Publication Type
PhD Dissertation
Version
publishedVersion
Publication Date
5-2026
Abstract
Against the backdrop of the mobile game industry entering a saturated market and relying on User Acquisition (UA) marketing for global expansion, the failure narrative has emerged as the mainstream logic in mobile game advertising. By showcasing failure scenarios in casual sub-games, these advertisements attract non-traditional gamers while implicitly suggesting that the core gameplay can rewrite the failed outcome. However, existing research on failure narratives remains largely generalized, lacking a detailed typology. Furthermore, previous studies predominantly focus on short-term attraction effects, lacking a systematic analysis of the "short-term conversion to long-term value" linkage mechanism, and failing to clarify the moderating roles of individual player differences (such as game experience and trait competitiveness). Consequently, current literature struggles to meet the industrys pressing demand for high-quality user acquisition.
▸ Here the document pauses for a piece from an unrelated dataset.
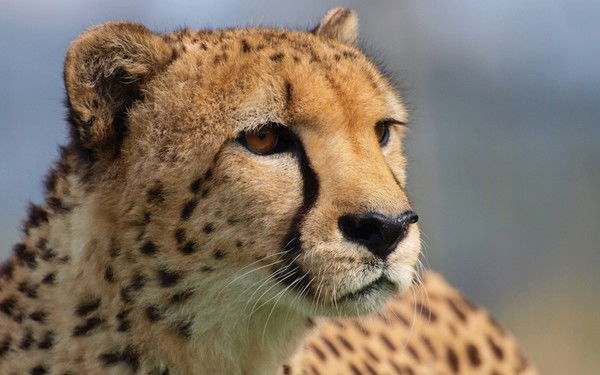 Маулен Бекежан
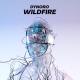 Dynoro - Wildfire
Grounded in consumer behavior, this study focuses on the specific typology of the "avoidable failure narrative" to explore its impact mechanism on mobile game advertising effectiveness, following the core logical chain of "avoidable failure narrative → competitive motivation → dual advertising effects." The primary objective is to verify its dual impact on both short-term conversion and long-term user value. The research adopts a quantitative-dominant mixed-methods paradigm. Study 1 conducted a real-world A/B test on the Meta platform. By controlling variables such as ad formats and delivery conditions, the study tracked massive impression data alongside Day 60
retention rates and monetization multipliers. Study 2 involved a contextualized questionnaire survey of 675 mobile game players, utilizing SPSS 27.0 and the PROCESS macro to test mediation and moderation effects.
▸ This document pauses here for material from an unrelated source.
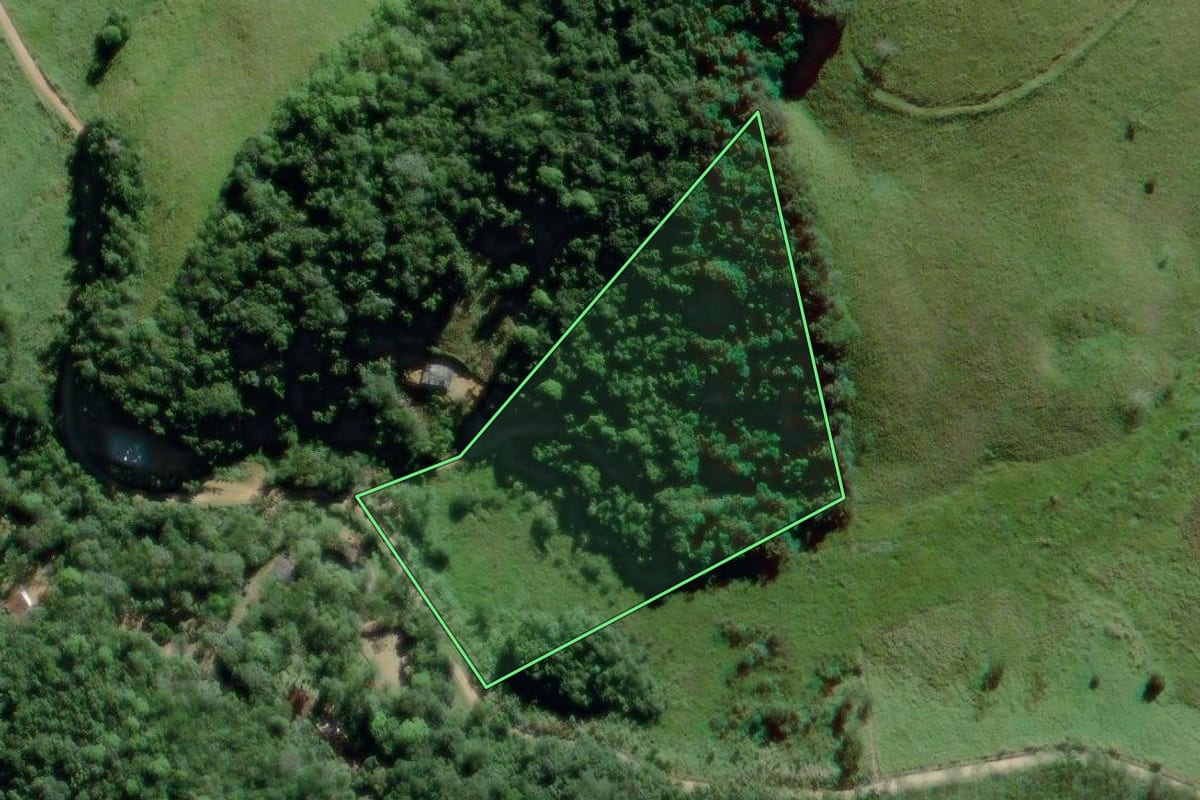 Imagem de satélite do imóvel rural em Eldorado (SP), com o contorno declarado no CAR desenhado por cima.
The results indicate that the avoidable failure narrative not only significantly enhances short-term click-through rates (CTR) and download conversion rates (CVR), but also vastly outperforms both the absolute failure and neutral narrative groups. In terms of long-term value, its Day 60 (D60) retention rate is 3.7 times that of the absolute failure group and twice that of the neutral group, exhibiting the optimal mid-to-long-term monetization multiplier performance. Mechanistically, post-viewing competitive motivation serves as the sole core mediator, whereas downward social comparison yields no significant effect. Regarding moderating effects, player game experience has no impact, while trait competitiveness exerts a negative moderating effect exclusively on download intention.
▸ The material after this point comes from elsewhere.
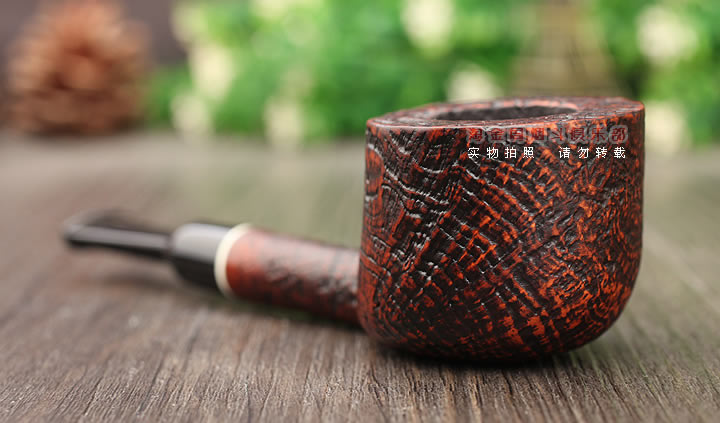  Vitaleάʯľ̶ ɫɰ04-2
This study bridges the research gap concerning the sub-typing of game advertising narratives and their linkage to long-term effectiveness, constructing an interdisciplinary analytical framework encompassing "psychological motivation - marketing conversion - economic payment." Practically, it provides mobile game publishers with actionable strategies for ad creative design and precision targeting, assists advertising platforms in refining user profiling, reduces the trial-and-error costs of user acquisition for small and medium-sized enterprises (SMEs), and propels the industrys marketing transition from experience-driven to science-driven methodologies.
Keywords
Avoidable Failure Narrative, Advertising Effectiveness, Competitive Motivation
Degree Awarded
Doctor of Bus Admin (CKGSB)
Discipline
Advertising and Promotion Management | Marketing
Supervisor(s)
CHANG, Han-Wen Hannah
First Page
1
Last Page
158
Publisher
Singapore Management University
City or Country
Singapore
Citation
LIU, Huicheng.
The impact of failure narratives in mobile game advertising. (2026). 1-158.
Available at: https://ink.library.smu.edu.sg/etd_coll/908
Copyright Owner and License
Author
Creative Commons License

This work is licensed under a Creative Commons Attribution-NonCommercial-No Derivative Works 4.0 International License.